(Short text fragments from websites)

::::::::::

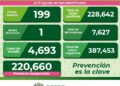 Durante el mes de agosto hubo defunciones diarias por Covid-19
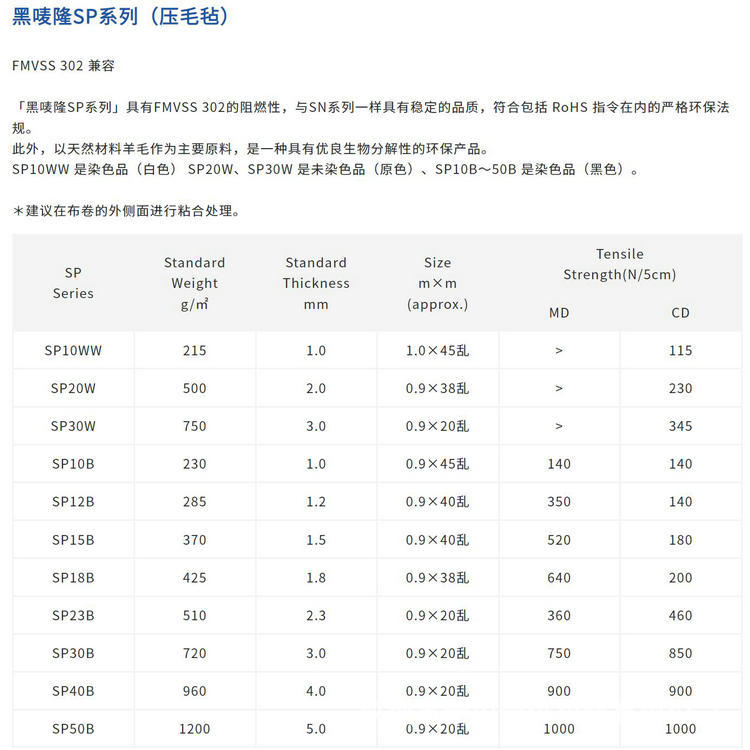 AMBIC HIMELON SP30B，安碧克 黑唛隆SP30B 防火阻燃无纺布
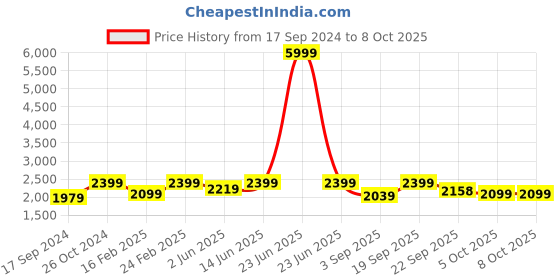 myntra.com NR By Nidhi Rathi Embellished Square Toe Mojaris nr by nidhi rathi Price History Graph from 17 Sep 2024 to 8 Oct 2025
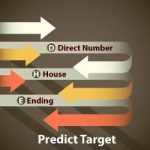 targetgame 1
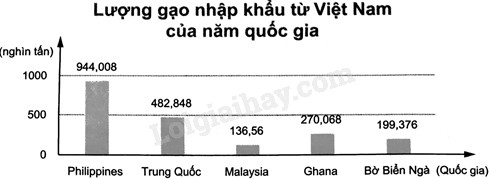 Biểu đồ cột lượng gạo nhập khẩu từ Việt Nam, tượng trưng cho khối lượng nguyên vật liệu hoặc sản phẩm nhập khẩu của công ty đồng hồ.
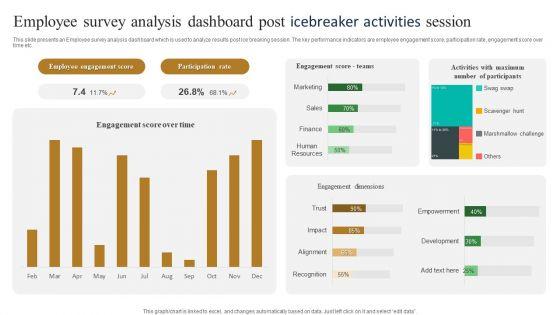 Employee_Survey_Analysis_Dashboard_Post_Icebreaker_Activities_Session_Slides_PDF_Slide_1.jpg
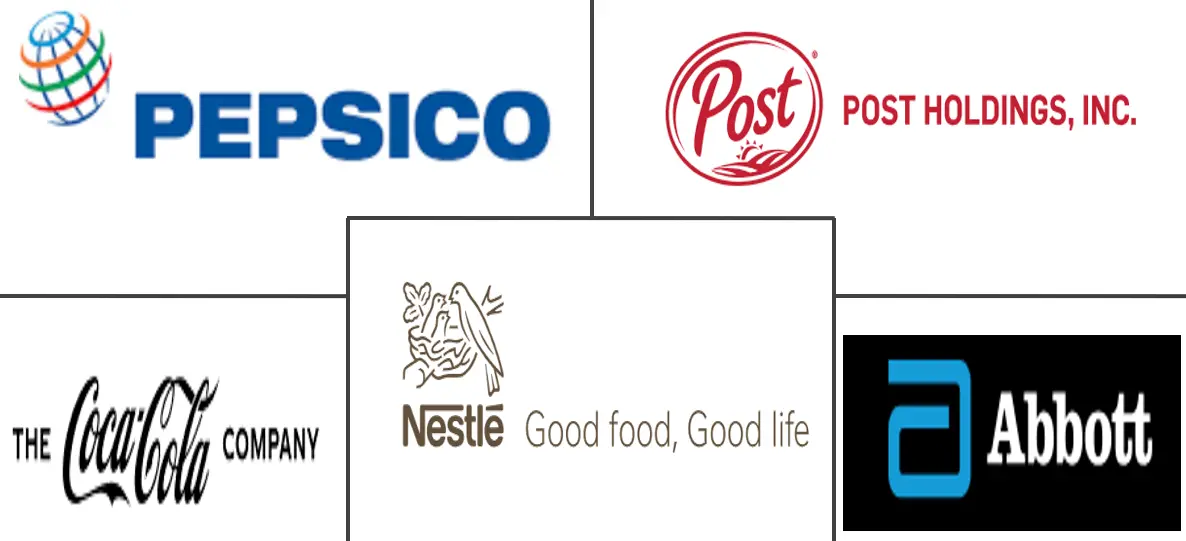 即饮奶昔市场规模和份额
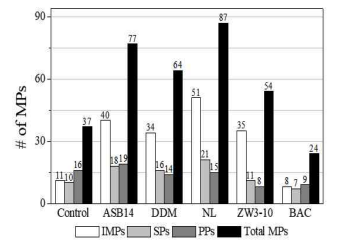 다양한 Detergent를 사용하여 확인된 일체형 막 단백질(IMPs), 분비 단백질(SPs), 말초 막 단백질(PPs)와 같은 막 단백질의 수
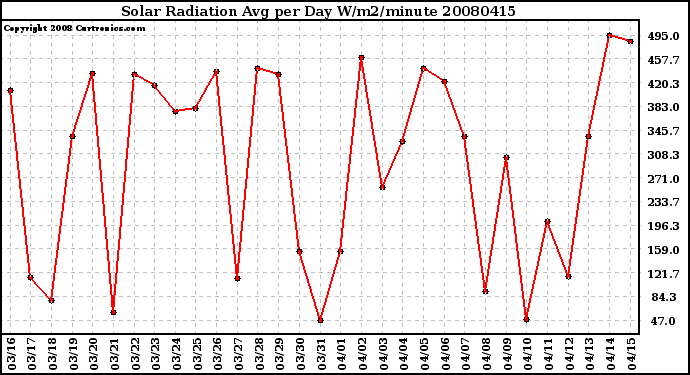 Milwaukee Weather Solar Radiation Avg per Day W/m2/minute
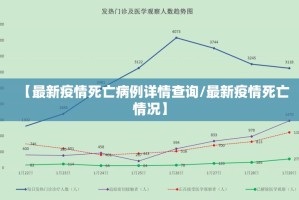 【最新疫情死亡病例详情查询/最新疫情死亡情况】
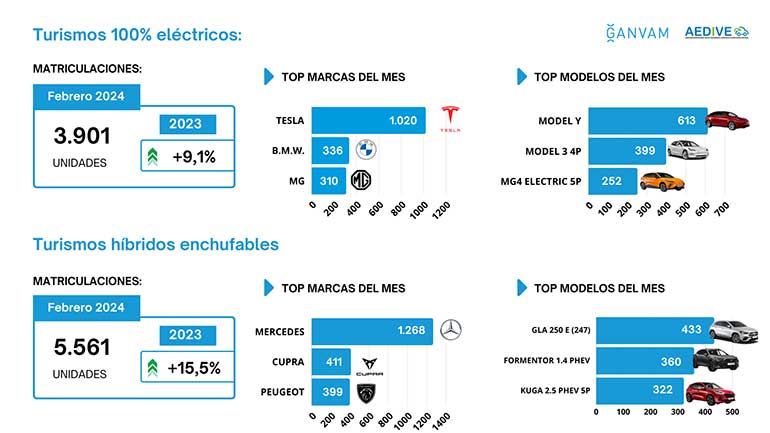 Las matriculaciones de vehículos electrificados (eléctricos + híbridos enchufables) suben más de un 6% en febrero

::::::::::

Work to complete — Nothing but the lines from the line with "myntra.com NR By" through the last line of the data above should be printed, exactly as written and without pictures.

Solution —
 myntra.com NR By Nidhi Rathi Embellished Square Toe Mojaris nr by nidhi rathi Price History Graph from 17 Sep 2024 to 8 Oct 2025
 targetgame 1
 Biểu đồ cột lượng gạo nhập khẩu từ Việt Nam, tượng trưng cho khối lượng nguyên vật liệu hoặc sản phẩm nhập khẩu của công ty đồng hồ.
 Employee_Survey_Analysis_Dashboard_Post_Icebreaker_Activities_Session_Slides_PDF_Slide_1.jpg
 即饮奶昔市场规模和份额
 다양한 Detergent를 사용하여 확인된 일체형 막 단백질(IMPs), 분비 단백질(SPs), 말초 막 단백질(PPs)와 같은 막 단백질의 수
 Milwaukee Weather Solar Radiation Avg per Day W/m2/minute
 【最新疫情死亡病例详情查询/最新疫情死亡情况】
 Las matriculaciones de vehículos electrificados (eléctricos + híbridos enchufables) suben más de un 6% en febrero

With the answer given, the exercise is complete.